Exercise goal:
Below are records with pictures in them. Output exactly the lines from the one with "Coach Daisy Signature" through the one with "и трудовой славы.", both included, and leave every picture out; give only those lines.

Data:
◆ ◆ ◆ ◆
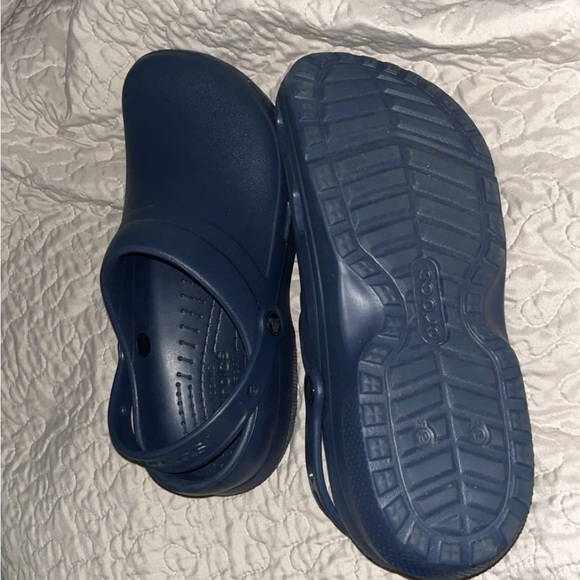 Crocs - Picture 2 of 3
◆ ◆ ◆ ◆
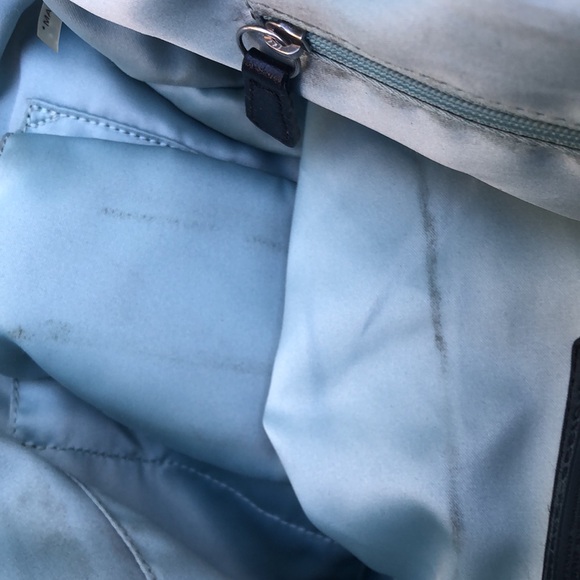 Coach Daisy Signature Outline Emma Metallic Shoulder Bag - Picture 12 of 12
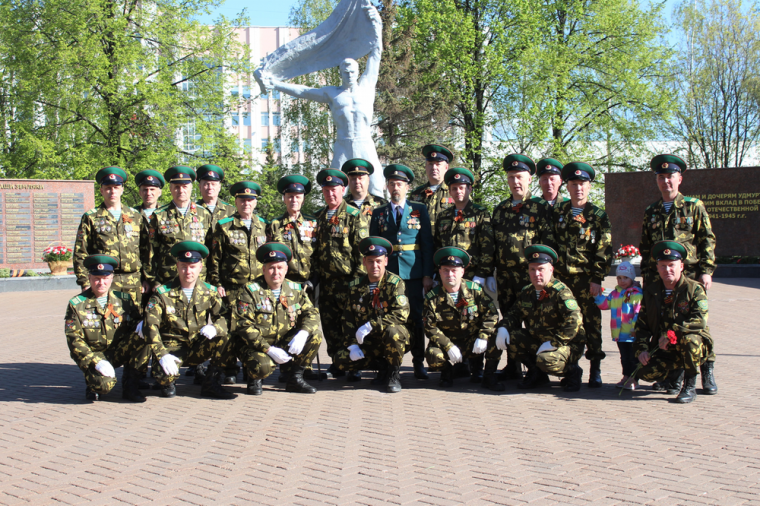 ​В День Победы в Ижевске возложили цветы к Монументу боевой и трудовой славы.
◆ ◆ ◆ ◆
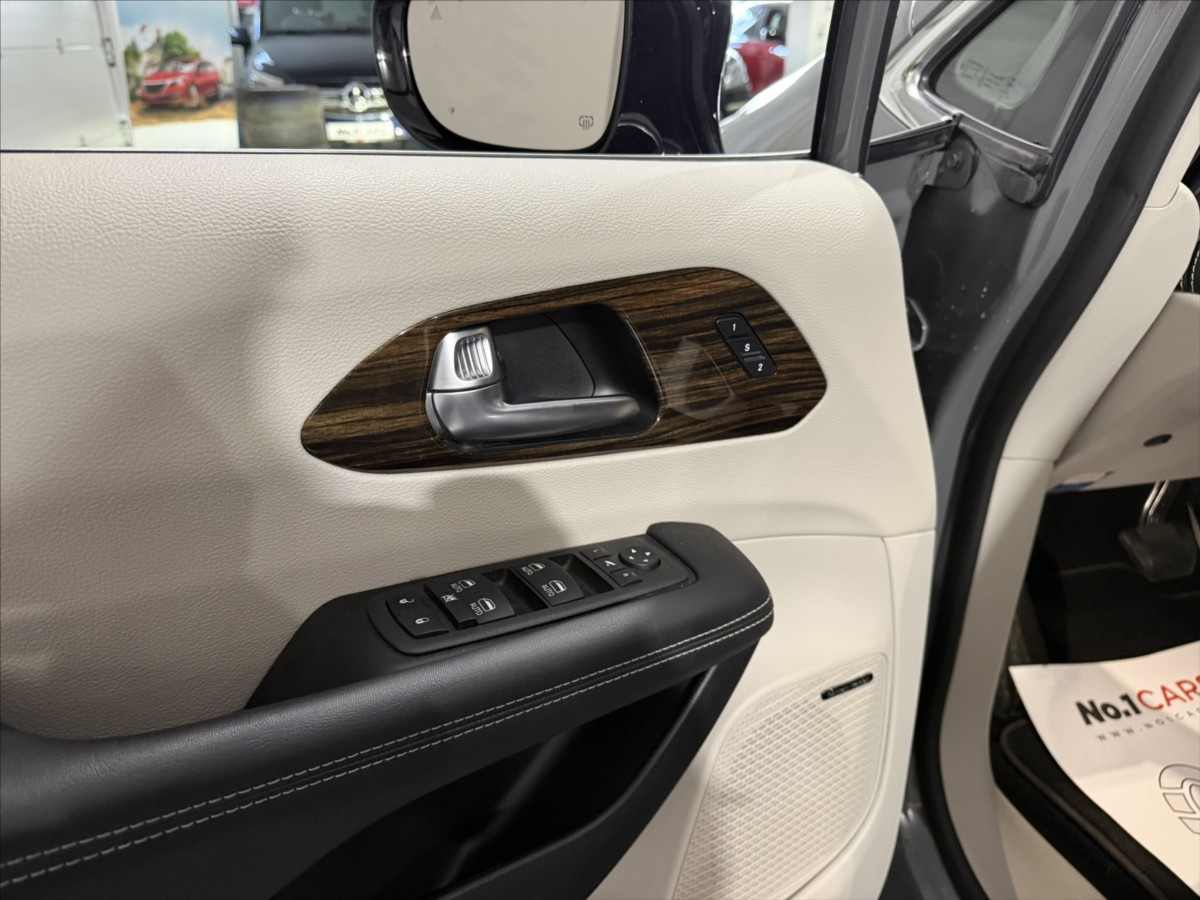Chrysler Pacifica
◆ ◆ ◆ ◆
Solution to this task:
 Coach Daisy Signature Outline Emma Metallic Shoulder Bag - Picture 12 of 12
 ​В День Победы в Ижевске возложили цветы к Монументу боевой и трудовой славы.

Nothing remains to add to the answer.